▶ **Your goal**:
Give back, exactly and with nothing added, the lines that run from the one containing "Building Photo - HALF" to the final line below.

┌──

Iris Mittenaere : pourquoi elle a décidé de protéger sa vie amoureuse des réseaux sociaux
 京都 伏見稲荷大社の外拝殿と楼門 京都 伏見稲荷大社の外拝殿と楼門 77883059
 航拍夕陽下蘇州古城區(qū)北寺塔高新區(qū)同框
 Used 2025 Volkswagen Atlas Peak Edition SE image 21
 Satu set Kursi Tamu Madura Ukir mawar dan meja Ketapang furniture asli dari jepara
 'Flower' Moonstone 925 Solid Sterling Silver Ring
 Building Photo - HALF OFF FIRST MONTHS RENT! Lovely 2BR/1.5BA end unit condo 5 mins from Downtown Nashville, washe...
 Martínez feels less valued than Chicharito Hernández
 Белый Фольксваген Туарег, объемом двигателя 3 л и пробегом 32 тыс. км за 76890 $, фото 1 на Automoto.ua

└──

▶ **Output for this task**:
 Building Photo - HALF OFF FIRST MONTHS RENT! Lovely 2BR/1.5BA end unit condo 5 mins from Downtown Nashville, washe...
 Martínez feels less valued than Chicharito Hernández
 Белый Фольксваген Туарег, объемом двигателя 3 л и пробегом 32 тыс. км за 76890 $, фото 1 на Automoto.ua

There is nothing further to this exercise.